Tetsuo Handa <penguin-kernel@xxxxxxxxxxxxxxxxxxx> · Mon, 24 Sep 2018 22:05:20 +0900

On 2018/09/24 21:31, Jan Kara wrote:
> On Mon 24-09-18 19:29:10, Tetsuo Handa wrote:
>> On 2018/09/24 7:03, Ming Lei wrote:
>>> On Sat, Sep 22, 2018 at 09:39:02PM +0900, Tetsuo Handa wrote:
>>>> Hello, Ming Lei.
>>>>
>>>> I'd like to hear your comment on this patch regarding the ordering of
>>>> stopping kernel thread.
>>>>
>>>>   > In order to enforce this strategy, this patch inversed
>>>>   > loop_reread_partitions() and loop_unprepare_queue() in loop_clr_fd().
>>>>   > I don't know whether it breaks something, but I don't have testcases.
>>>>
>>>> Until 3.19, kthread_stop(lo->lo_thread) was called before
>>>> ioctl_by_bdev(bdev, BLKRRPART, 0) is called.
>>>> During 4.0 to 4.3, the loop module was using "kloopd" workqueue.
>>>> But since 4.4, loop_reread_partitions(lo, bdev) is called before
>>>> loop_unprepare_queue(lo) is called. And this patch is trying to change to
>>>> call loop_unprepare_queue() before loop_reread_partitions() is called.
>>>> Is there some reason we need to preserve current ordering?
>>>
>>> IMO, both the two orders are fine, and what matters is that 'lo->lo_state'
>>> is updated before loop_reread_partitions(), then any IO from loop_reread_partitions
>>> will be failed, so it shouldn't be a big deal wrt. the order between
>>> loop_reread_partitions() and loop_unprepare_queue().
>>
>> OK. Thank you.
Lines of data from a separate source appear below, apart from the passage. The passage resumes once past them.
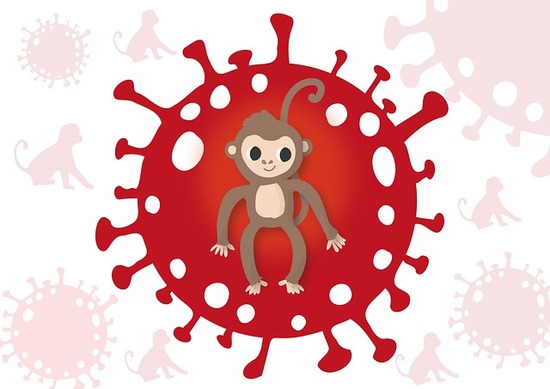 monkeypox-g1357eda12_640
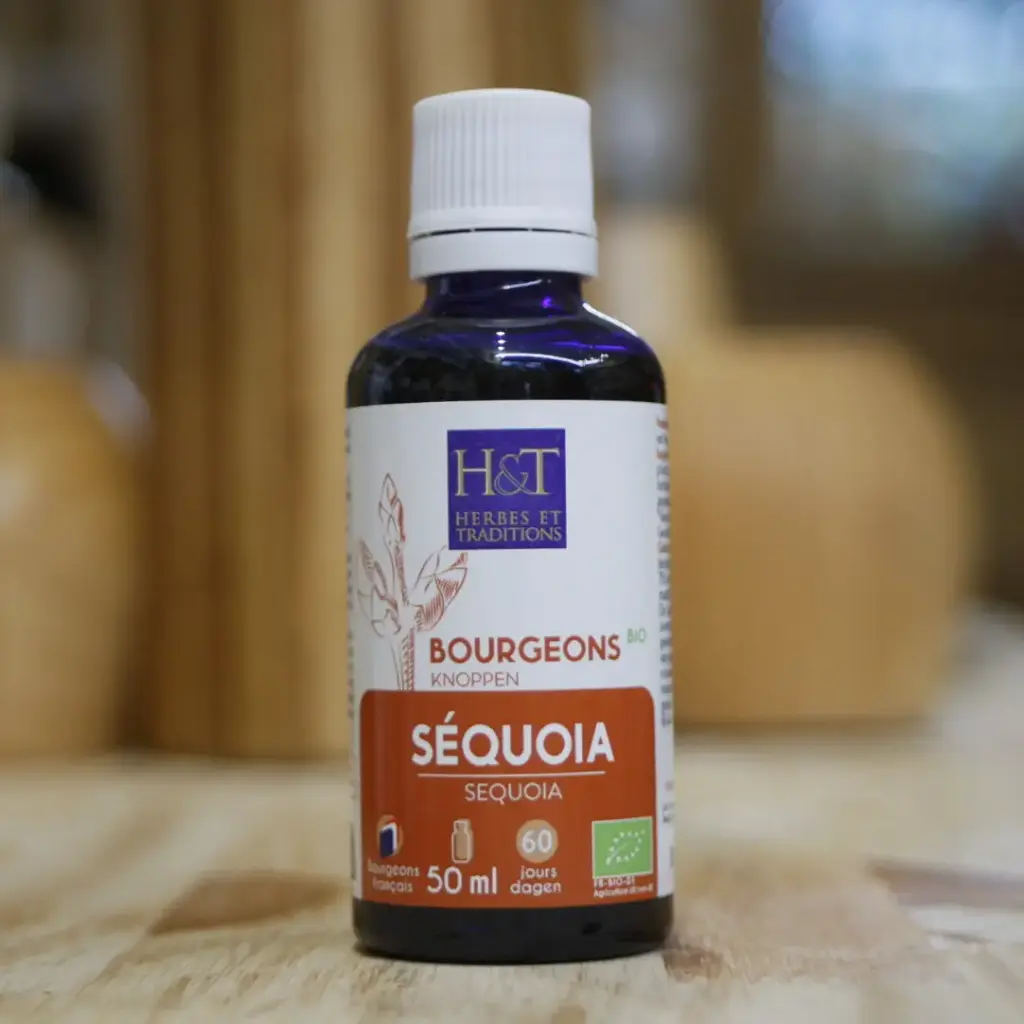 SÉQUOIA BIO en macérât de bourgeons en 50 ml Herbes et Traditions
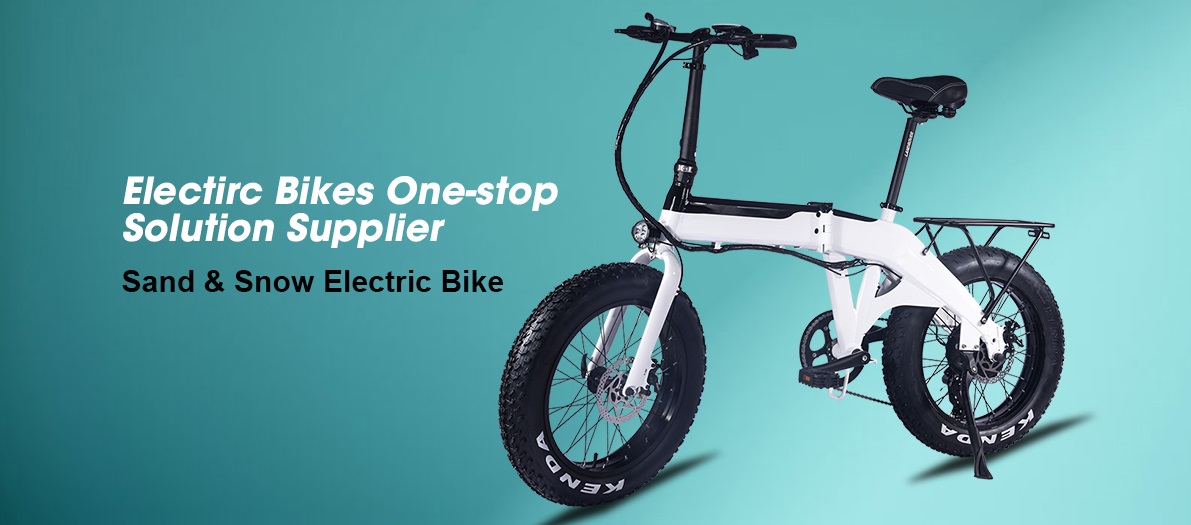 Wholesale electric bikes 48v 750W lithium battery big wheel e bike 
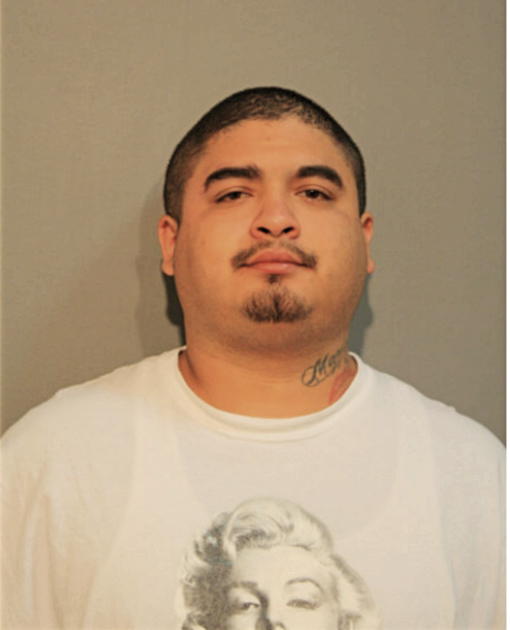 NICHOLAS ORTEGA, Cook County, Illinois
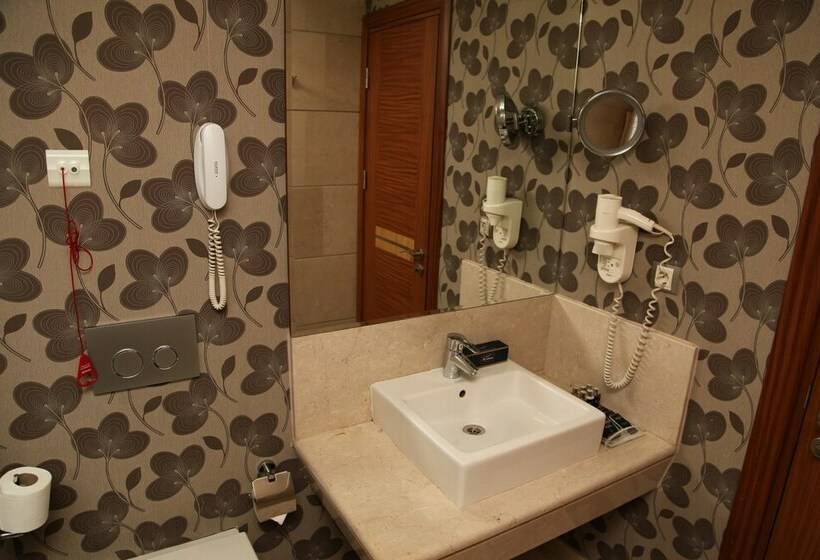 اتاق استاندارد, Armi̇s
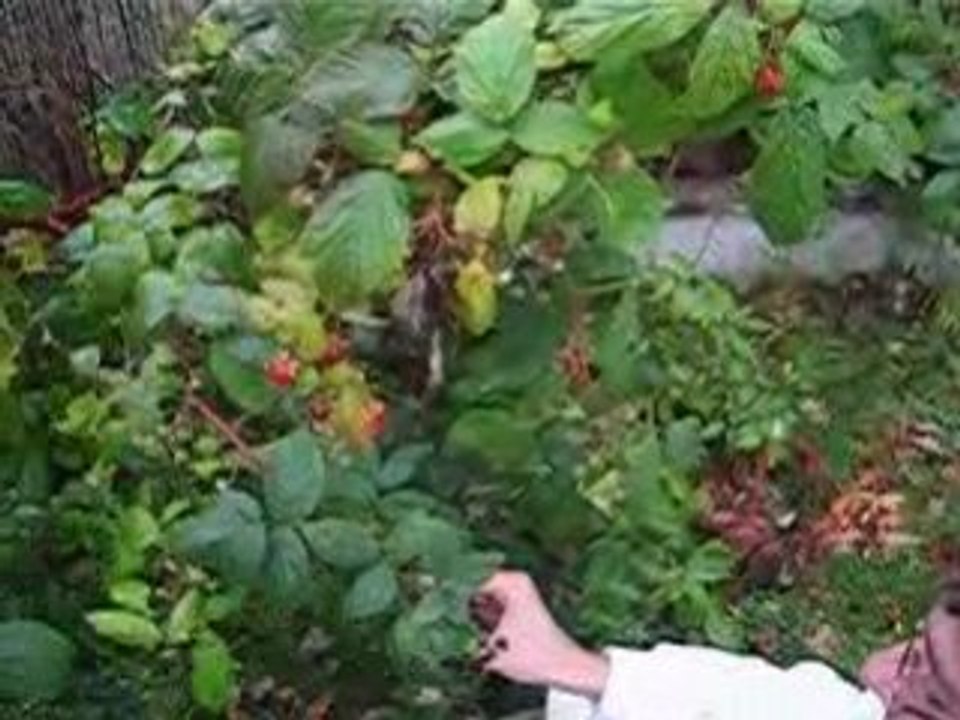 Cueillette de framboises en Picardie...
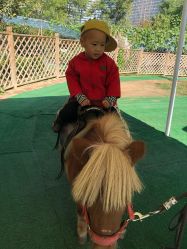 -萌宠亲子动物乐园(槐房万达店)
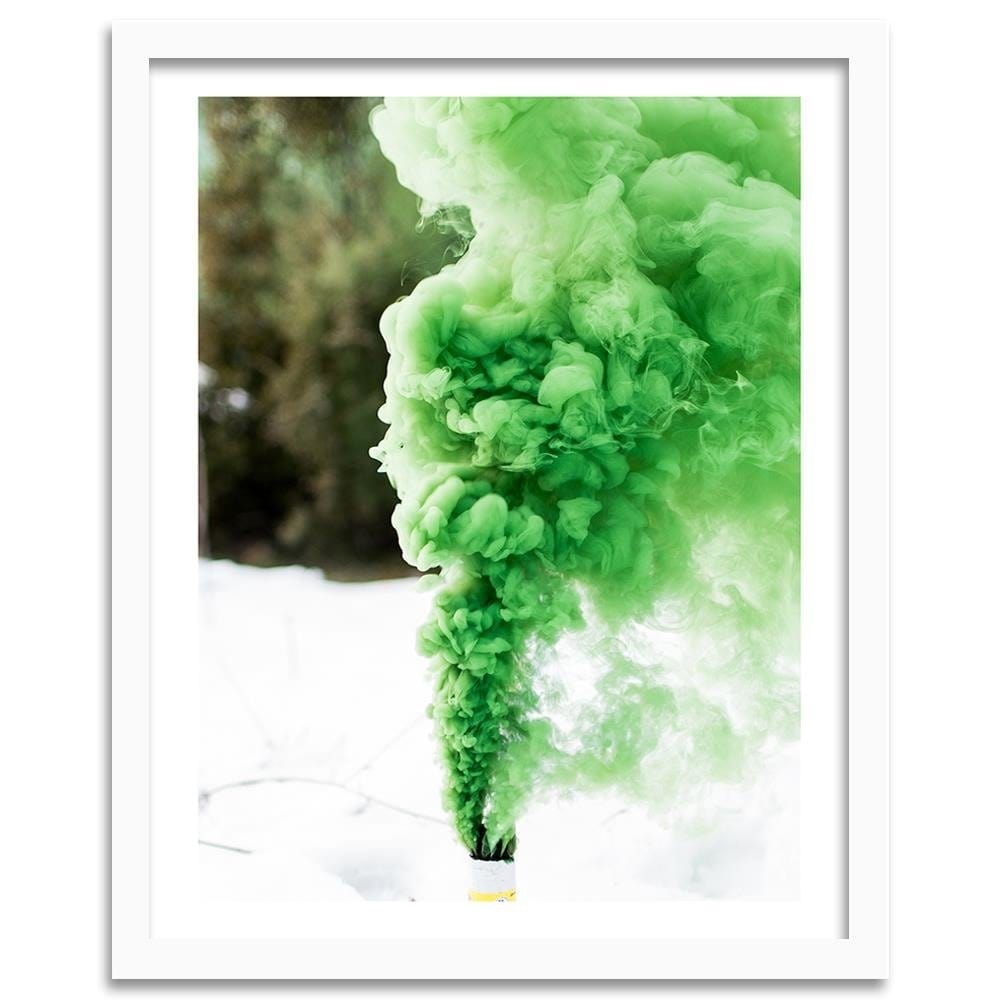 Glezna baltā rāmī - Green Shoots Home Trends DECO
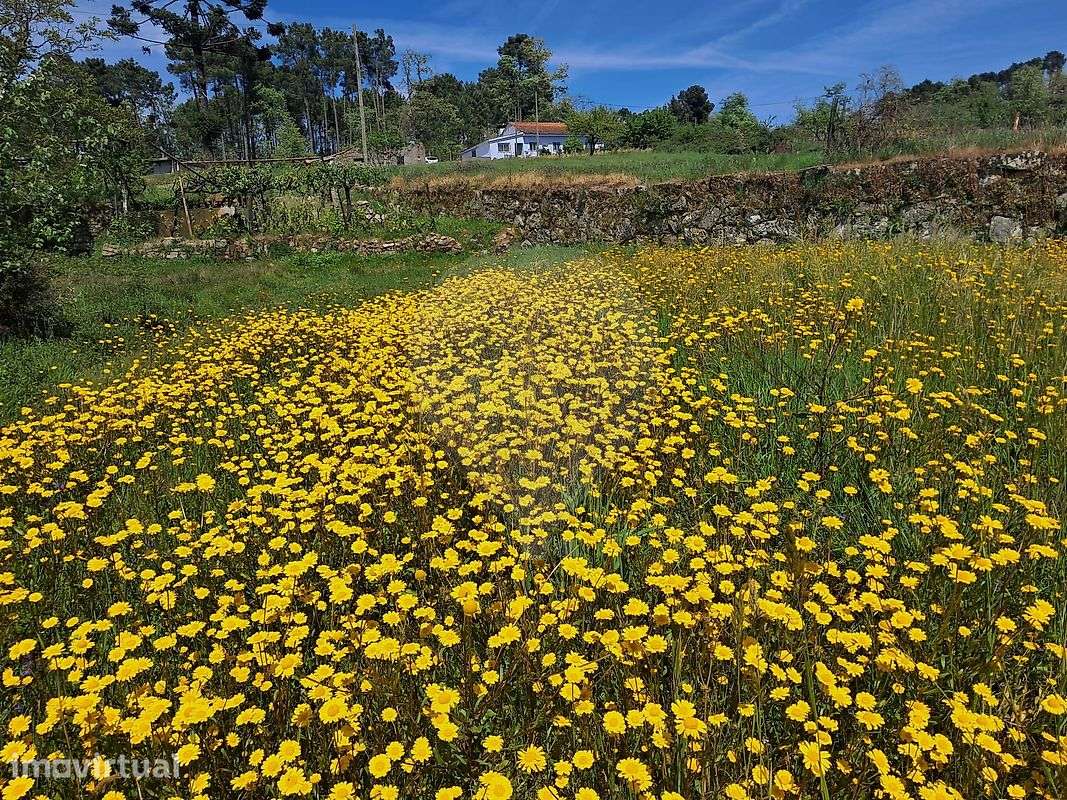 Terreno  para venda - Grande imagem: 4/5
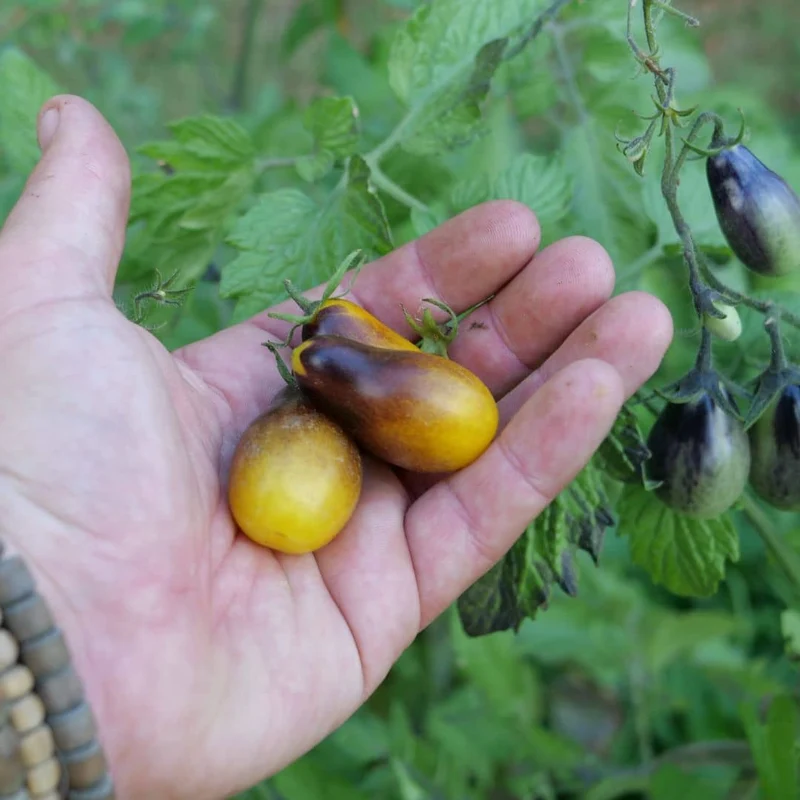 Tomate Indigo Pear Drops — Graines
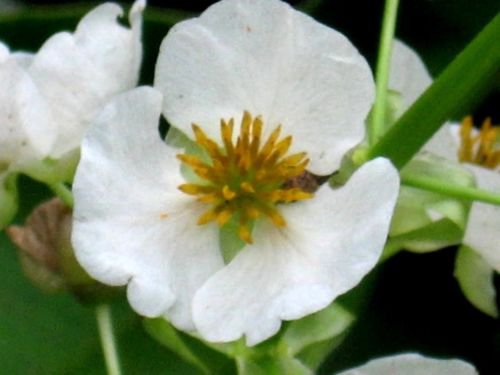 Jammas5 500 White Broadleaf ARROWHEAD Sagittaria Latifolia POND WETLAND Flower Seeds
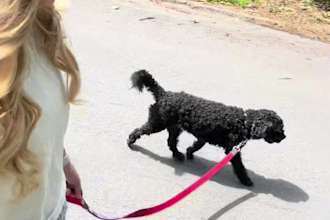 film realistic ugc videos for pet food and pet brands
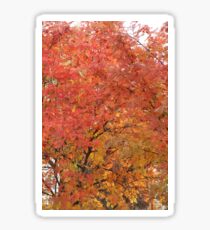 Mountain Ash Sticker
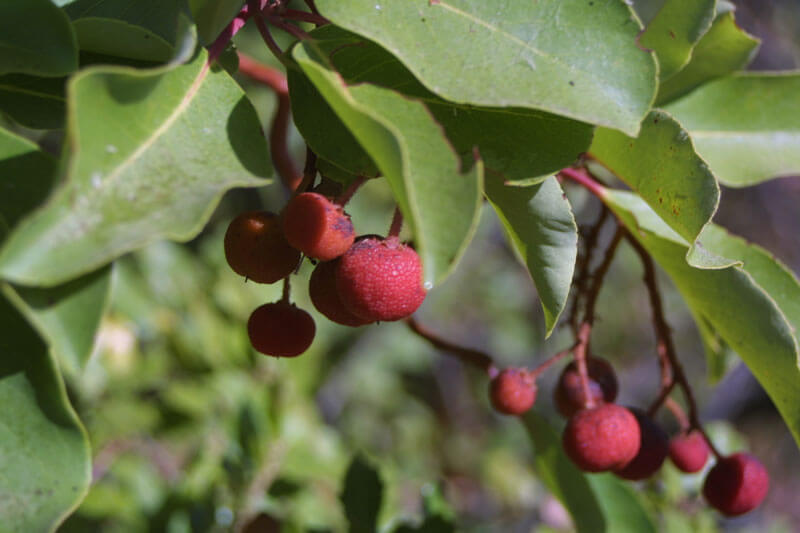 ARBUTUS ANDRACHNE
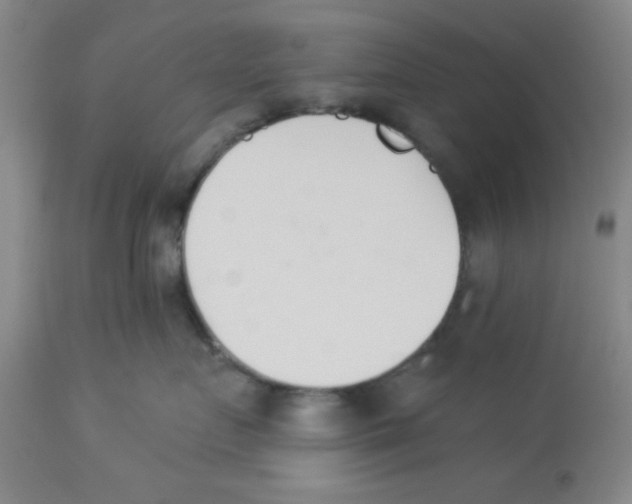 X0000112840719200909181712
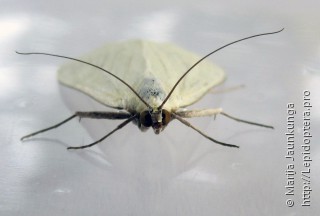 Sitochroa palealis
Here is v4 patch (only changelog was updated).
>> Andrew, can we test this patch in the -mm tree?
>>
>> From 2278250ac8c5b912f7eb7af55e36ed40e2f7116b Mon Sep 17 00:00:00 2001
>> From: Tetsuo Handa <penguin-kernel@xxxxxxxxxxxxxxxxxxx>
>> Date: Mon, 24 Sep 2018 18:58:37 +0900
>> Subject: [PATCH v4] block/loop: Serialize ioctl operations.
>>
>> syzbot is reporting NULL pointer dereference [1] which is caused by
>> race condition between ioctl(loop_fd, LOOP_CLR_FD, 0) versus
>> ioctl(other_loop_fd, LOOP_SET_FD, loop_fd) due to traversing other
>> loop devices without holding corresponding locks.
>>
>> syzbot is also reporting circular locking dependency between bdev->bd_mutex
>> and lo->lo_ctl_mutex [2] which is caused by calling blkdev_reread_part()
>> with lock held.
> 
> Thanks for looking into the loop crashes Tetsuo. I was looking into the
> loop code and trying to understand how your patch fixes them but I've
> failed. Can you please elaborate a bit on how exactly LOOP_CLR_FD and
> LOOP_SET_FD race to hit NULL pointer dereference? I don't really see the
> code traversing other loop devices as you mention in your changelog so I'm
> probably missing something. Thanks.
> 
> 								Honza
> 

That is explained in a discussion for [1] at
https://groups.google.com/forum/#!msg/syzkaller-bugs/c8KUcTAzTvA/3o_7g6-tAwAJ .
In the current code, the location of dangerous traversal is in loop_validate_file().